_TASK STATEMENT_
Please give the lines below again exactly as they stand, from the one that contains "4 bedroom end" up to and including the one that contains "Paslon Stephanus Ola", leaving all pictures out.

_INFORMATION PROVIDED_
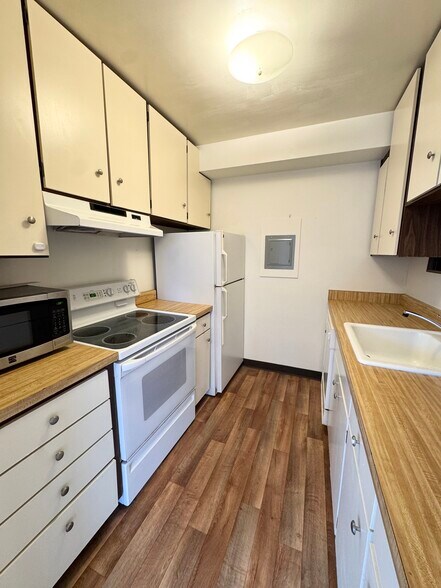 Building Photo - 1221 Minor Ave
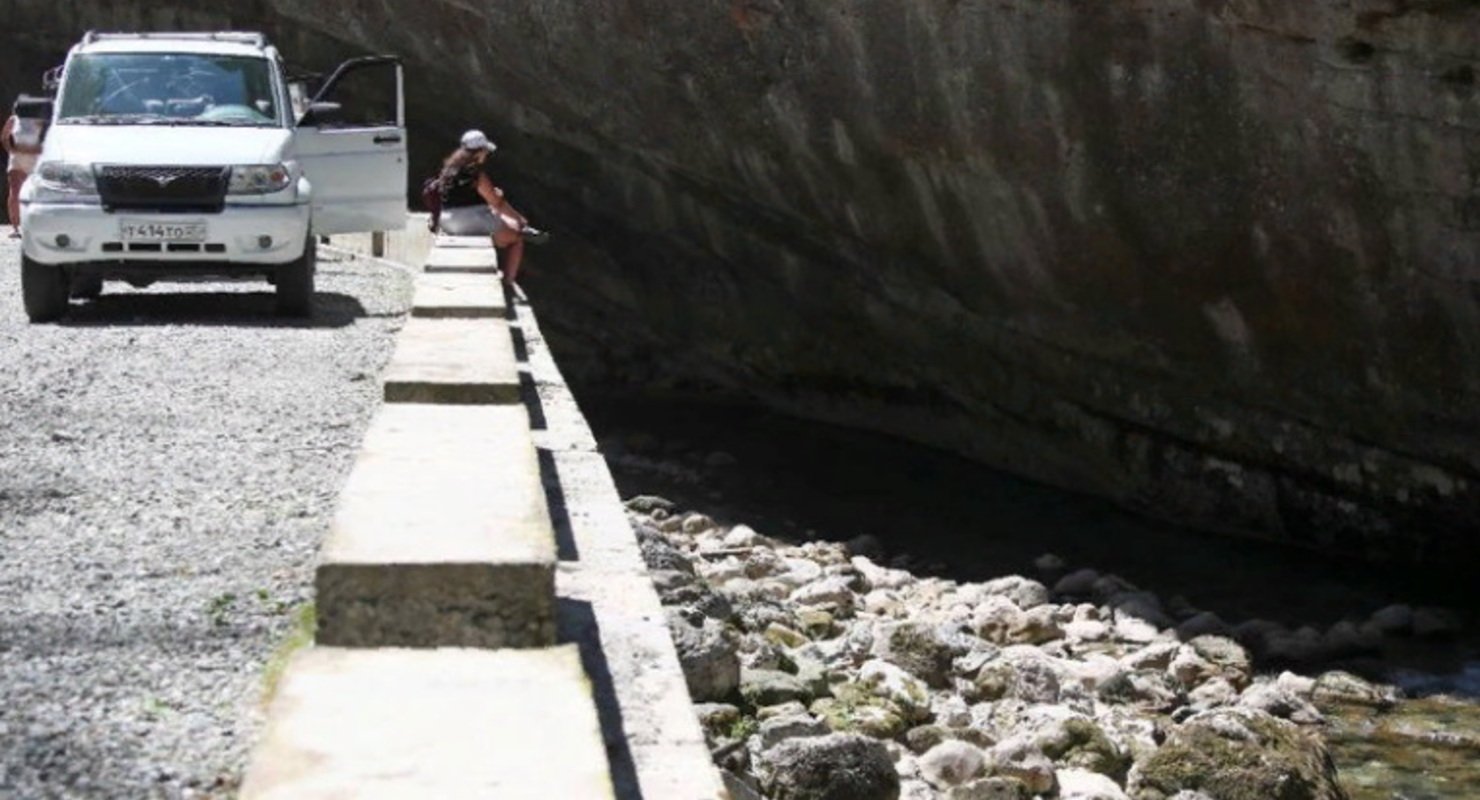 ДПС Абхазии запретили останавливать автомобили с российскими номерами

* * *

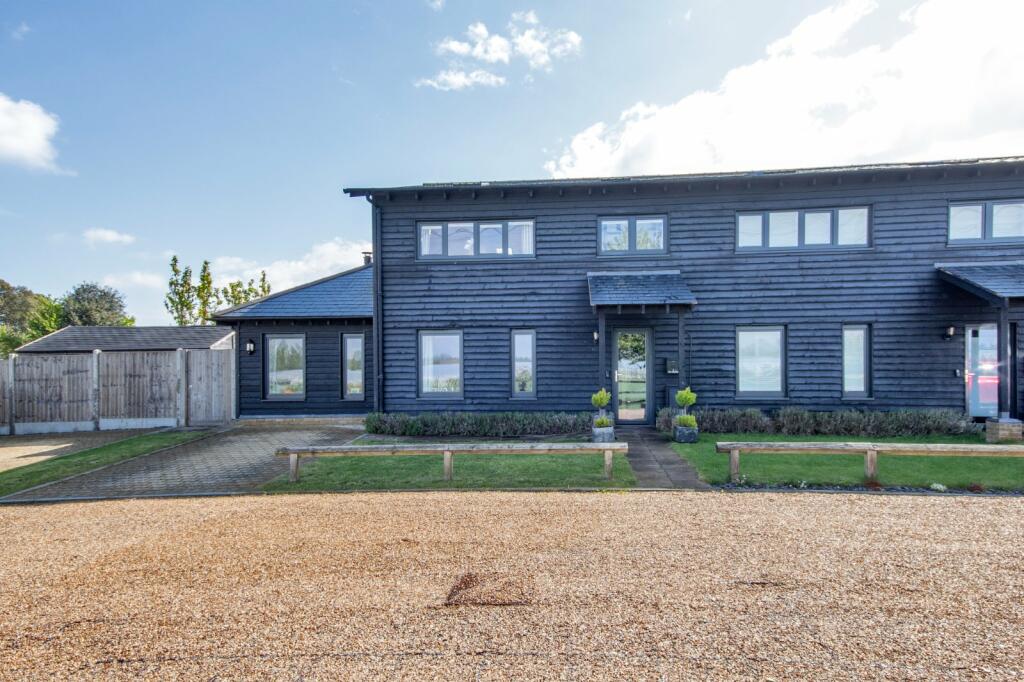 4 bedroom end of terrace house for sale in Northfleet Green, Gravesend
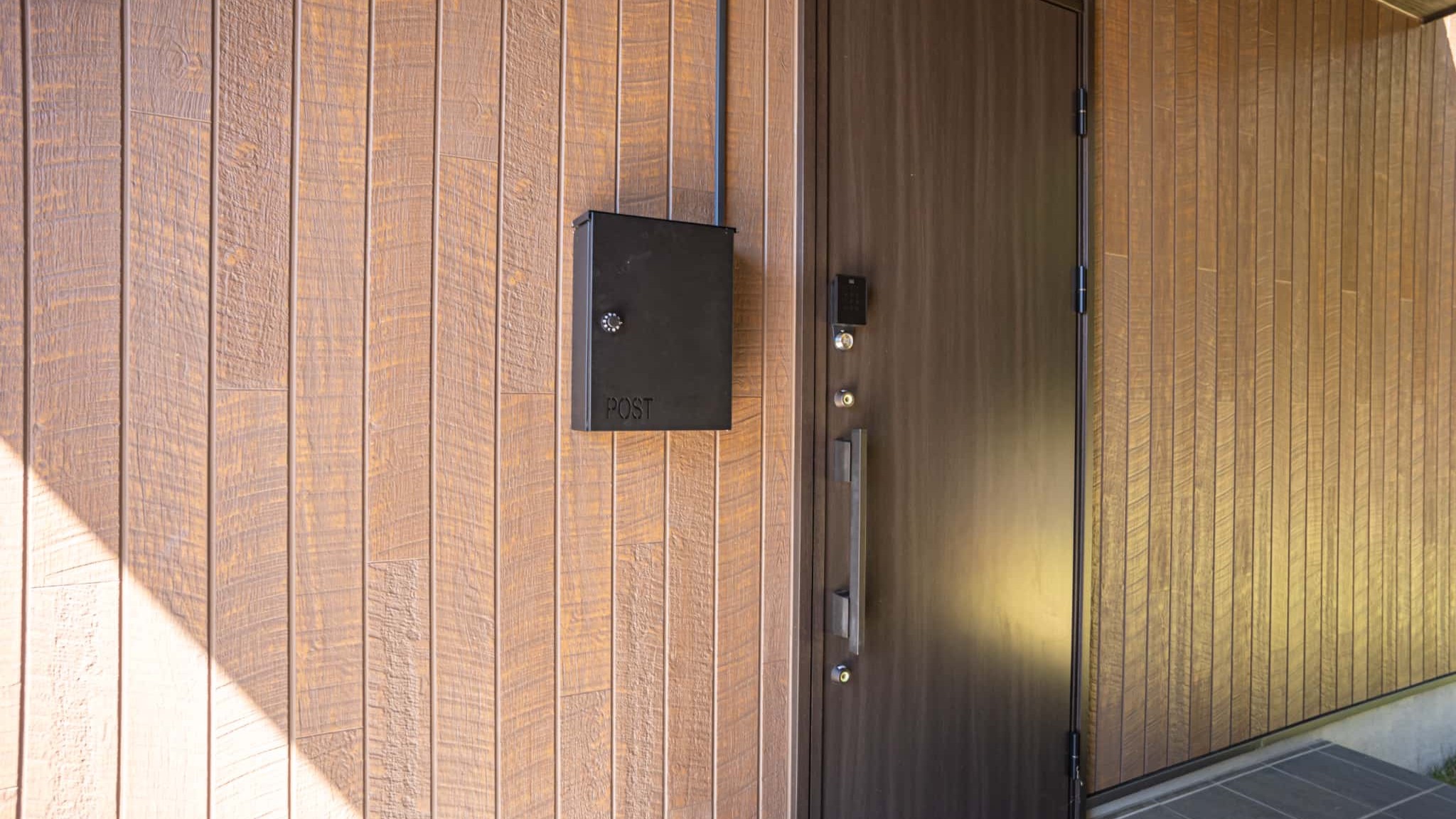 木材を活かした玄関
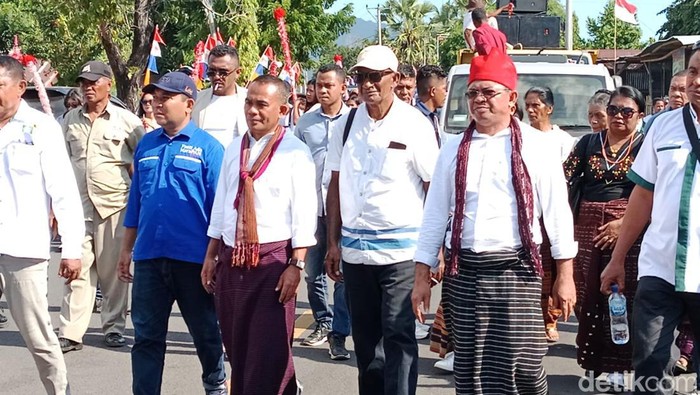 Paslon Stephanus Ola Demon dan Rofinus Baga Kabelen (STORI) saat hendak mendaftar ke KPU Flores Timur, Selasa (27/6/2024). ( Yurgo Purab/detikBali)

_RESULT_
 4 bedroom end of terrace house for sale in Northfleet Green, Gravesend
 木材を活かした玄関
 Paslon Stephanus Ola Demon dan Rofinus Baga Kabelen (STORI) saat hendak mendaftar ke KPU Flores Timur, Selasa (27/6/2024). ( Yurgo Purab/detikBali)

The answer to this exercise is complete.